For the week ending May 14th, 2010

Are We Having Fun Yet?

“You're in then you're out, you're up and you're down.” - Katy Perry, Hot 'N Cold

by M. Kevin Flynn, CFA

“Europe Bailout Lifts Gloom,” read the headline in the Tuesday Wall Street Journal, the morning after a little 404-point bonfire in the Dow Jones torched short positions mercilessly. Four days later, “Europe Clouds Recovery” declared the Saturday edition of the same paper, which followed a day and a half of near-relentless selling that resulted in back-to-back triple-digit losses. If that doesn’t inspire the retail investors to come back into the market, what will?

That’s not all of it. We watched Wednesday and Thursday with a certain sense of amazement as the small cap barometer, the Russell 2000, already up five percent on Monday, ran up over three percent from Tuesday’s close to midmorning Thursday for no apparent reason that we could see. Then it plunged, falling over four percent over the next twelve hours of trading before leveling out in Friday’s last hour. Was that all because of Europe?

It reminded us of a long-ago week, namely the Three Mile Island nuclear reactor catastrophe. That was when the headlines started out the week along the lines of “Fire Produces Minimal Damage, No Threat Seen” and ended with “Thousands Flee.”

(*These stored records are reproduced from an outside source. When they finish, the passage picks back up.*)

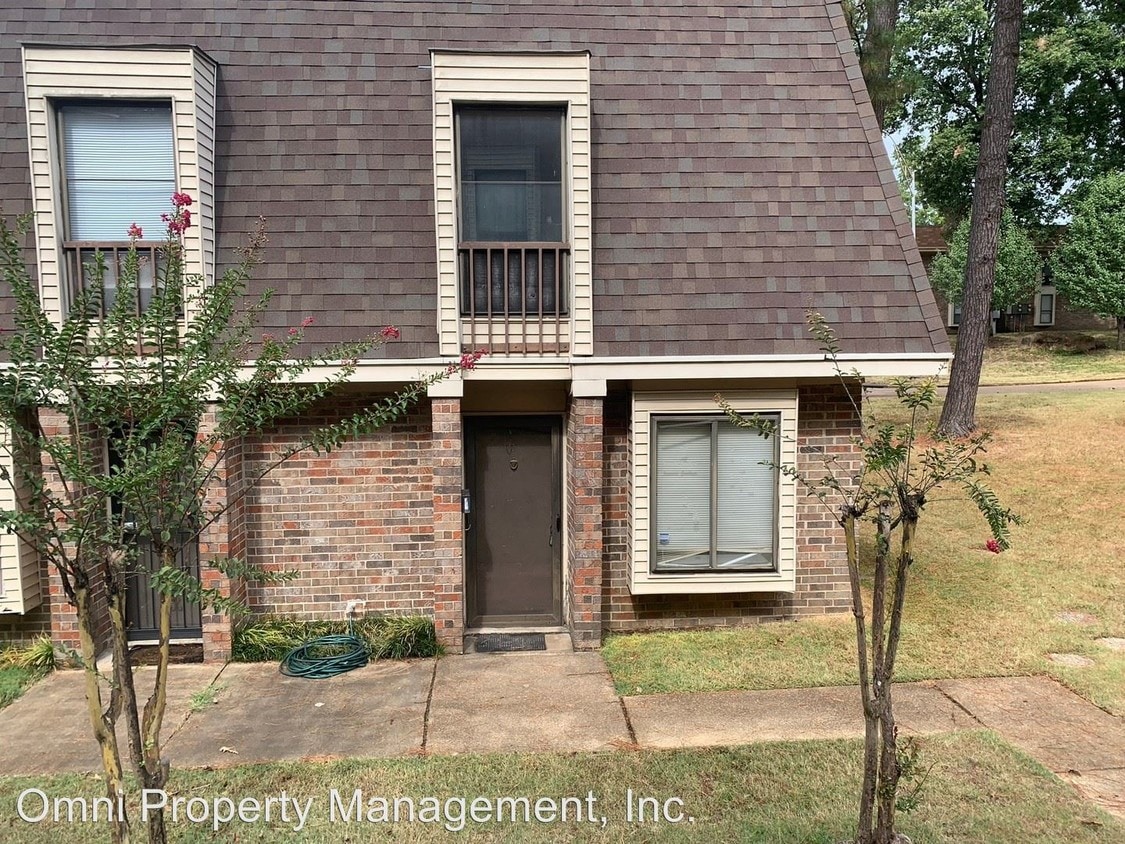 Primary Photo - 6561 Poplar Woods Cir S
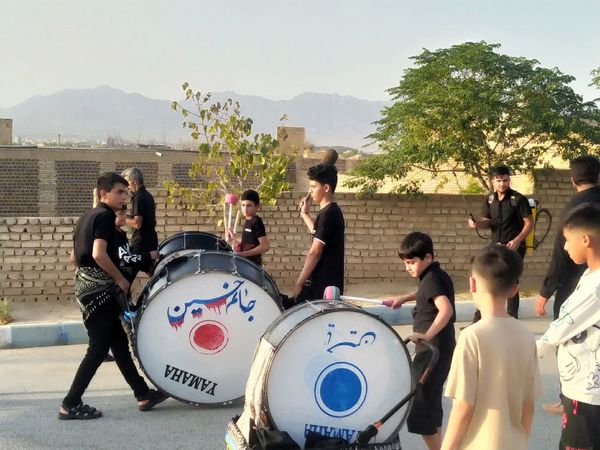 حرکت نمادین کاروان حسینی به‌مناسبت شهادت حضرت رقیه(س) در روستای قوژد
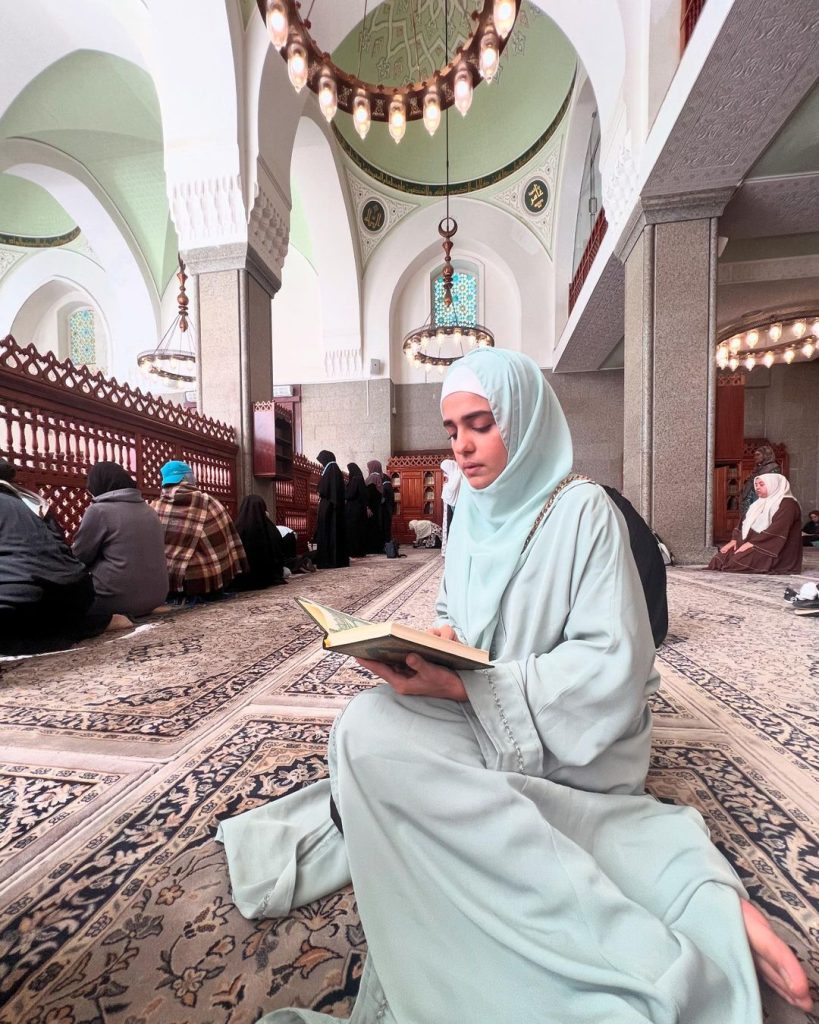 Sumbul Iqbal Khan Shares Pictures From Madinah Munawarah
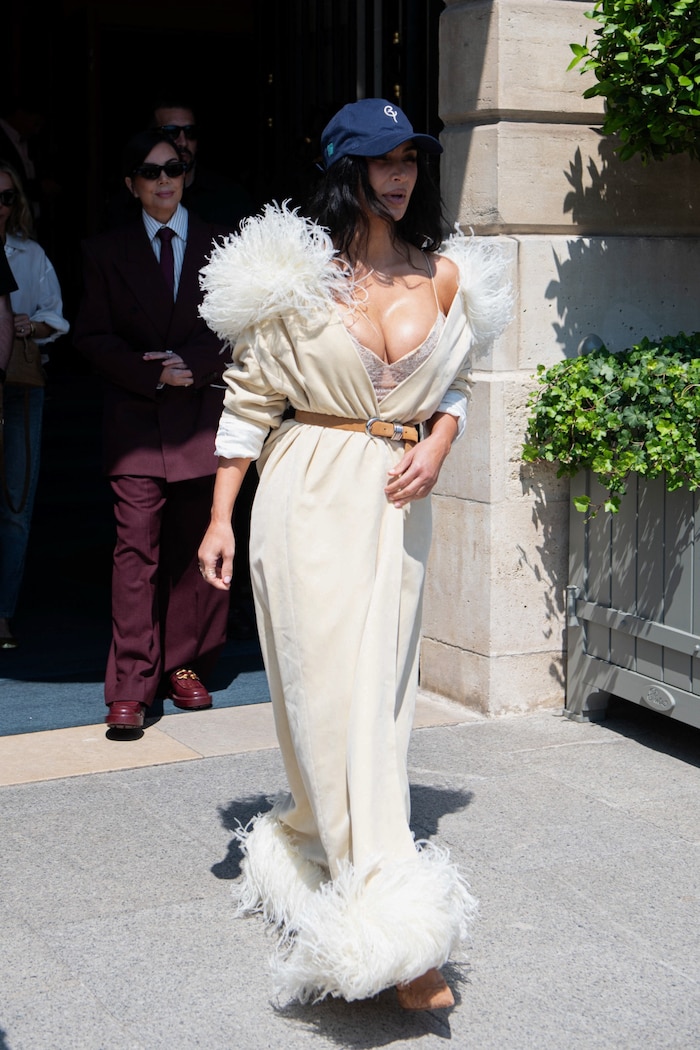 Kim Kardshian mit Schirmkapperl, Federn und BH-Blitzer in Paris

We had guessed that after the previous week’s debacle, the short-squeeze trade that had been the backbone of the spring rally had finally been broken. You certainly couldn’t tell that the first two-thirds of the week, though. It looked like the Street had gone right back to its favorite game, leaving us to ponder whether we had once again underestimated the sheer mindless power of the working momentum trade.

The Europeans came through with a rescue package that exceeded almost everyone’s expectations, a massive package designed to wipe out the doubters and stop talk of contagion. It worked for a few days, but a few things came together on Thursday to send the black boxes cranking in the other direction (one might be excused for suspecting that the morning rally on Thursday was a deliberate head fake).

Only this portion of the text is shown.